Calculating Lines of Code Committed in a Repository

1 minute read

Updated:

Recently I applied black python code formatter to a repository at work. I was the one to bite the bullet and format all existing files. I was curious to know how many files would be touched and how many lines would be changed.

Determining the Percent of Files Affected

# Count number of python files
find . -name '*.py' | wc -l

# Count python files in commit
git log @ -1 --stat -- '*.py'

For the repository in question, it was ~75% (~300/400 files). While writing this, I realize that quite a few of the files are possibly empty __init__.py files.

Determining User Contribution in Git Repository

I used this nifty one-liner from StackOverflow.

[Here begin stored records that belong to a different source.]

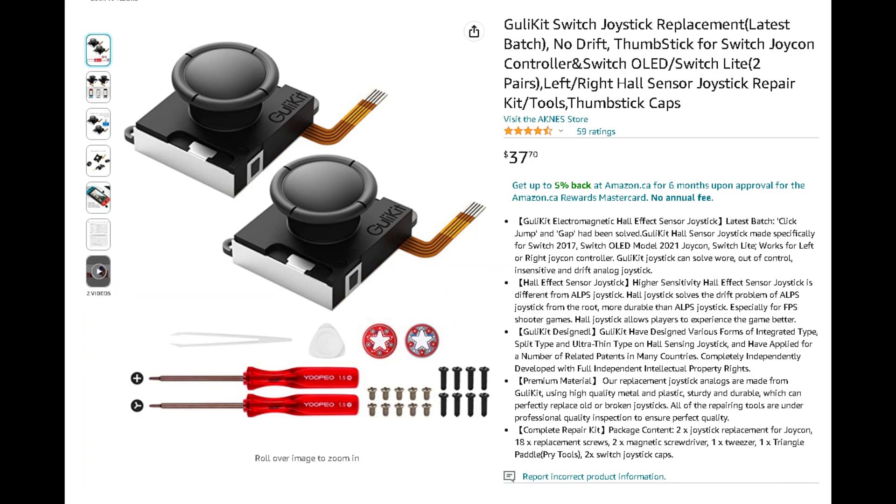Are you sick of stick drift ruining your best Mario Kart run or getting you splatted in Splatoon? Look no further. You can find these Joy-Con Hall Effect sensors on Amazon for under $40 Canadian. Let's get into the installation.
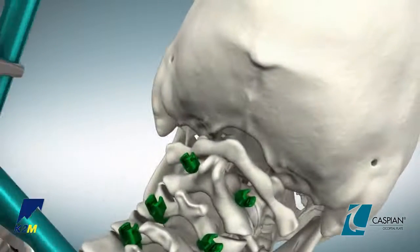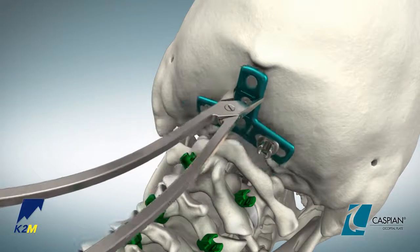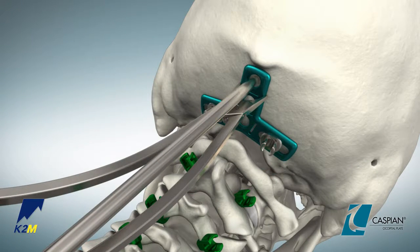Using the occipital plate holder, position the plate on the occiput. Use the awl to perforate the occipital cortex.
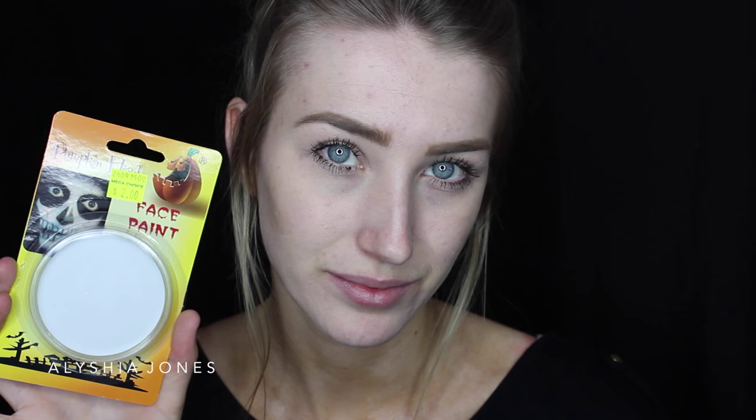Hey guys, welcome back to my channel! I have this scary dead zombie Halloween makeup tutorial for you guys and it is really creepy. So first I'm starting off with this white face paint that I got from a two dollar shop.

# Count of commits by author
git shortlog -s -n

# List of commits by author and add/remove line counts
git log --author="ipwnponies" --pretty=tformat: --numstat --no-merges

# Cumulative summation of line change counts
git log --author="ipwnponies" --pretty=tformat: --numstat --no-merges | gawk '
    { add += $1; subs += $2; loc += $1 - $2 }
    END { printf "added lines: %s removed lines: %s total lines: %s\n", add, subs, loc }
'

# Line count changes before formatting
git log --author="ipwnponies" --pretty=tformat: --numstat --no-merges @~ | gawk '
    { add += $1; subs += $2; loc += $1 - $2 }
    END { printf "added lines: %s removed lines: %s total lines: %s\n", add, subs, loc }
'

I had 32412 lines of code changed, and 46979 afterwards. This is a 45% increase in LOC changed!